These plays involve paradoxical events in which people sacrifice their lives for the king’s sake. Interestingly, women are given important roles in the playwrights. However, it is quite important to note that they play different roles throughout the stories.
Moreover, their stance in tough situations is significant in both cases. This paper will explore these playwrights with a view to establishing similarities and differences associated with the role of women. In addition, it will also explore use of these characters in developing the main themes.
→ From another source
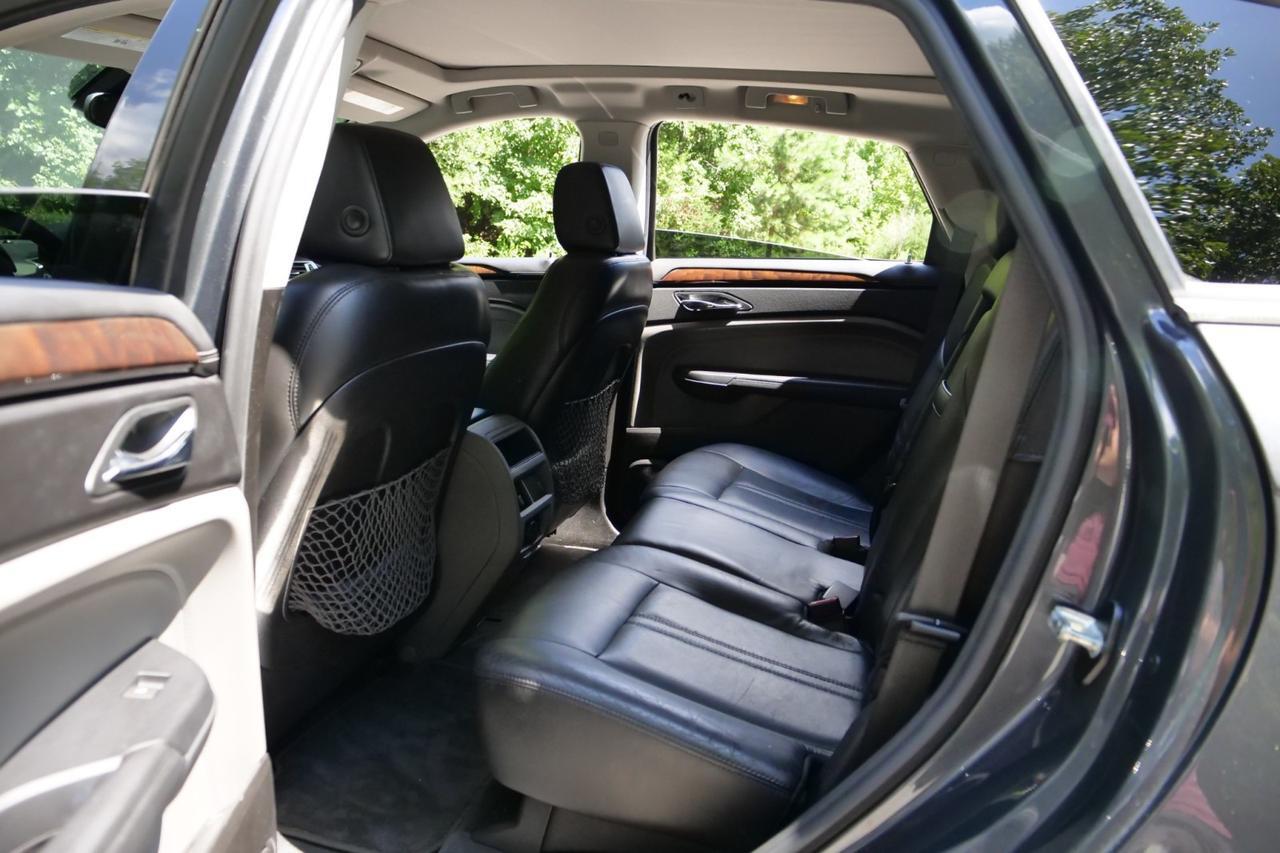 2011 Cadillac SRX Luxury Collection / Navigation / Heated Seats! Lincolnton NC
Goldini’s mistress of the Inn
This story revolves around a young woman known as Mirandolina. Mirandolina is a beautiful woman whose father dies and leaves her an Inn as inheritance. In addition, the father proposes a suitor for her in the name of Fabricius. Fabricius is a waiter in the same Inn.
He acts modestly although with great interest in Mirandolina. Three other characters are introduced in the play as Marquis, Count and Cavalier. At first, only Marquis and Count are seen to admire Mirandolina. On the other hand, Cavalier is portrayed as a woman-hater. Marquis on the other hand, lives in poverty, although he is a noble. This is in complete contrast to Count who boasts of riches, which he uses to seduce Mirandolina.
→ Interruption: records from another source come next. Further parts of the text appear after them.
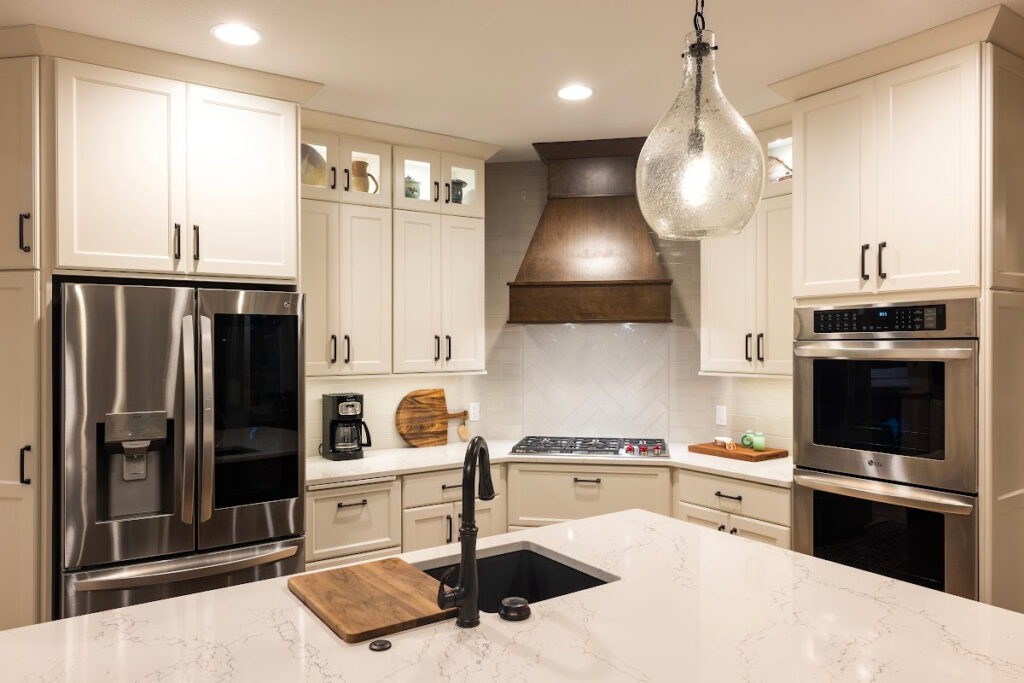 Acute Angled Kitchen Design | Showplace Cabinetry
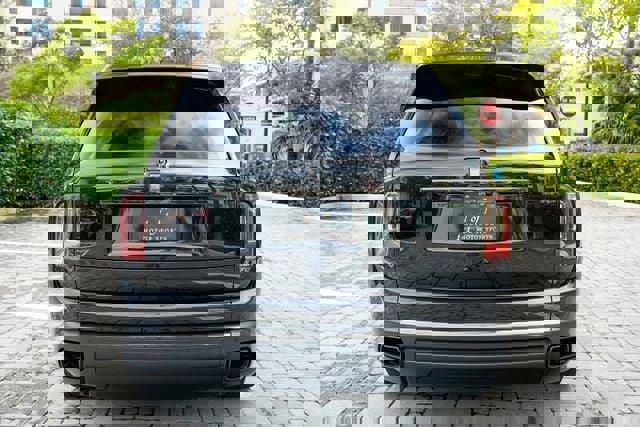 Used 2020 Rolls-Royce Cullinan Black Badge image 23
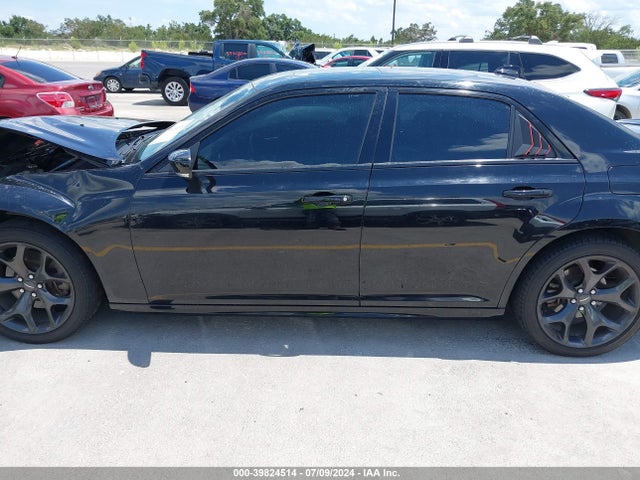 Chrysler 300 300s 2021 2C3CCABT5MH570843 Image 14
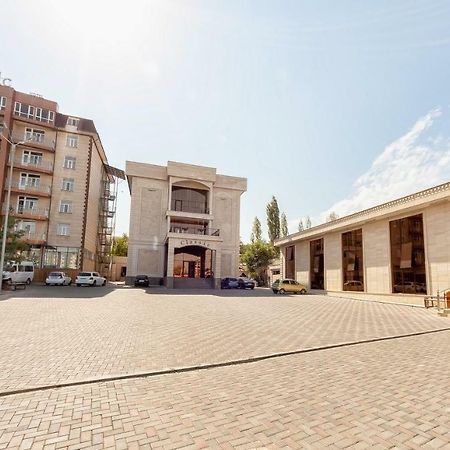 Classic Hotel Osh Exterior photo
The two men circle around Mirandolina as Fabricius watches closely with envy. Mirandolina on the other hand, only wants them to worship her with the aim of remaining single, as she hates men.
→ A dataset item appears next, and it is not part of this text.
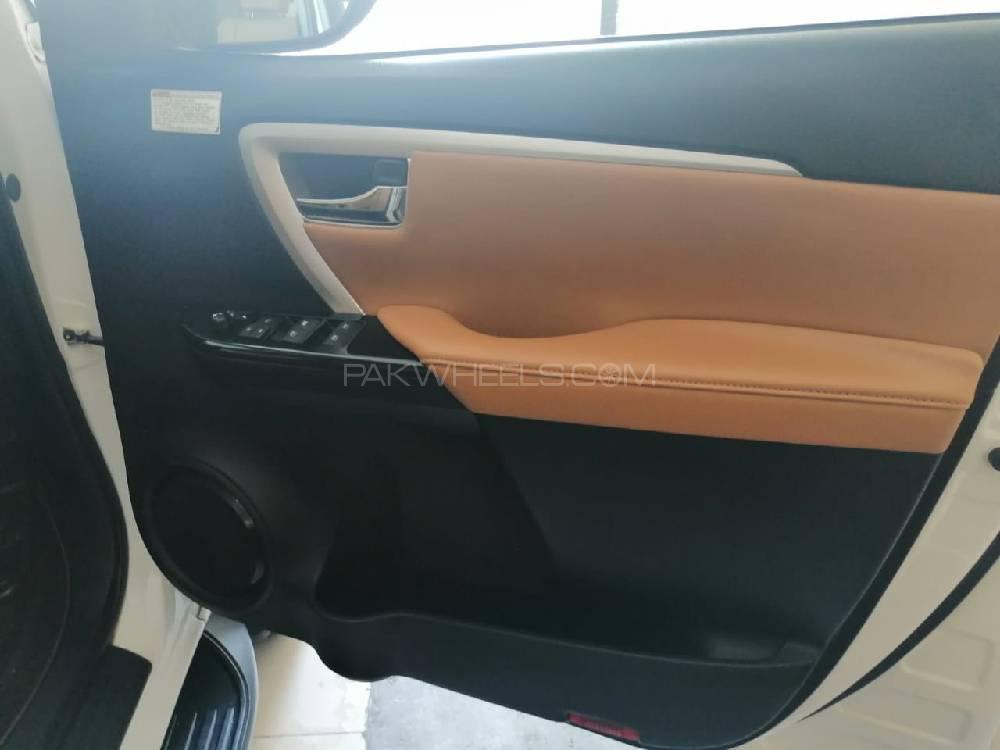Toyota Fortuner 2017 for Sale in Lahore Toyota Fortuner 2017 for Sale in Lahore Image-13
However, new twists are observed when she decides to seduce Cavalier in order to make him worship her. Cavalier ends up falling in love with her before she turns to marry Fabricius. Ultimately, the three men Marquis, Count and Cavalier decide to leave after realizing her deceit.
Voltaire’s Orphan of China
The play, Orphan of China is derived from a famous Chinese play, the orphan of Chao, which was written in thirteenth century. Its original version involved a war between Chao’s family and the conqueror who wanted to exterminate them. In the process, the emperor ordered Chao to kill himself, which he did. However, before that, he asked his wife to name their baby after him, in order to conserve his household.
In the process, several people sacrificed their lives in order to keep the secret of the orphan’s escape from jail, where her mother had been confined. Of great concern is the fact that his mother sacrificed her life for a child she was not sure could survive. In Voltaire’s orphan of China, the King and his household are captured and killed except his youngest son.
Zamti promises to care for the child by saving him from further anguish. However, this could succeed without sacrificing their only son. This is mainly because the Conqueror, Genghis was in hot pursuit of this child.
Further twists are witnessed when the conqueror finds them before a decision is made on whether to kill their son. Interestingly, Zamti’s wife, Idame changes numerous things through her contact with the new Conqueror who ends up falling for her wit.
Use female character
Female characters are given important roles in both plays. This is evident in Mirandolina’s case where she is left with an Inn as her inheritance. In addition, she is embodied with beauty that appeals to all men within the Inn. She uses this to her advantage in order to continue her hatred for men.
On the other hand, one of the customers, Cavalier professes hate for women. In essence, the theme of male and female chauvinism is well developed throughout the play. In this regard, Mirandolina is used to coerce male chauvinism. The theme of love is also prominent in both plays as female characters are used as centers of love. This is evident in Mirandolina’s case wherein everyone falls in love with her.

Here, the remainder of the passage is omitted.